Cyber Security Issues Reshaping Our World

World leaders and business luminaries are gathering for the World Economic Forum (WEF) Annual Meeting this week to discuss “the Reshaping of the World.” Given the high-profile data and security breaches in the past year, I am keeping a close eye on the conversation coming out of Davos.

Whereas hacking used to be a “black art” form, it has now shifted to a calculated science intended to gain access to intellectual property for economic gain. The 2013 Cost of Cybercrime Study revealed that the time it takes to resolve a cyber attack has increased by nearly 130 percent over the past four years, with the average cost to resolve a single attack now totaling more than $1 million.

As I’ve written before, hackers are now working together in an online adversary marketplace. The actors organize and specialize in one aspect of the cyber attack process, and sell the information or access they gain to others who specialize in the next step of the cyber attack process, and so on. At HP, we define the cyber attack process as:

  1. Research – Adversaries try to build profiles about our people and the environment
  2. Infiltration – They use these profiles to target us through several methods, including social engineering
  3. Discovery – Adversaries use access points to create internal map or sensitive assets
  4. Capture – They capture the information they care about
  5. Exfiltration – They take out the information and sell or use it for other purposes

To better defend their enterprises, executives must understand the different stages of a breach. Building defenses at each stage of the cyber attack process will help organizations to stop attackers from successfully completing each step in the process and therefore more effectively  protect the company’s assets and reduce potential damage. 

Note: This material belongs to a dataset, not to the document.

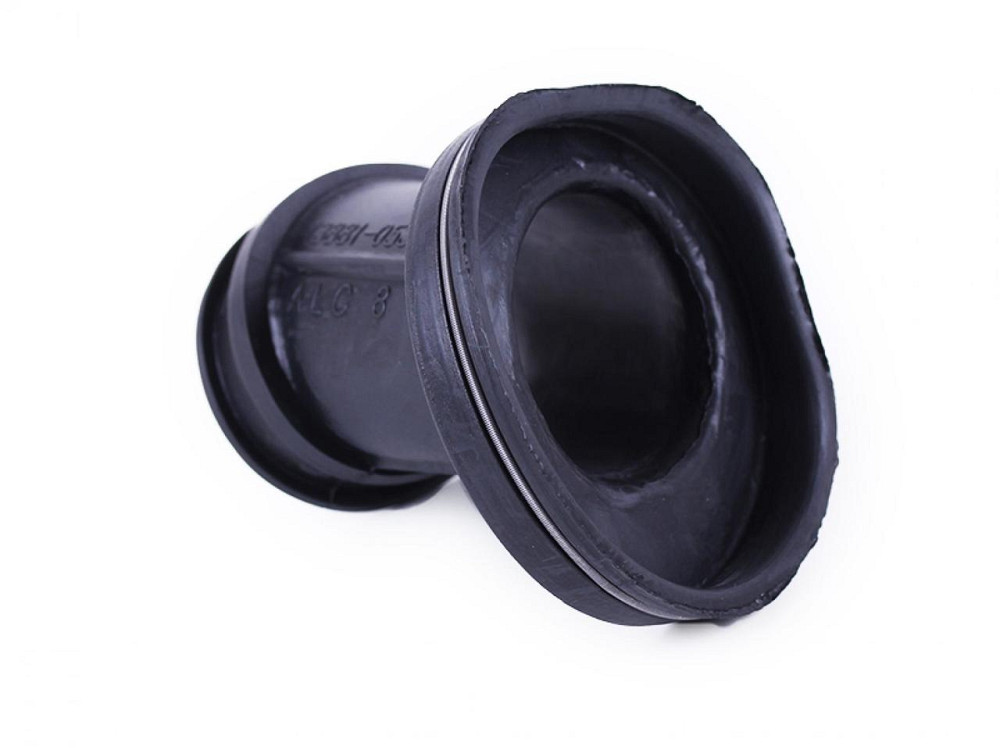 Патрубок воздушного фильтра V150A Мукачево - изображение 1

While we have seen growing awareness at large companies about cyber threats, smaller business and private companies still need more education. Many companies continue to linger behind the eight ball, reacting only after a breach has been identified instead of proactively building a response to disrupt the adversary at each step of the cyber attack process.

One way we can improve the cyber security landscape is through increased cooperation and information sharing between the public and private sector.  Unfortunately the data shared in these exchanges is often too dated or redacted to be of any value to security professionals.  The   global law enforcement community also needs to build better and more consistent policies so that known criminals cannot hide easily in the open.  We also need to address the cyber security skills gap, as demand for security expertise outpaces the pool of talent.

My colleague Jacob West and I discussed these and other security issues in a recent interview for the World Economic Forum newsletter. We’re seeing industry collaboration come through groups like WEF and FS-ISAC, but additional collaboration is critical. We need to take a page from our adversaries’ playbook and work together in the face of emerging cyber threats.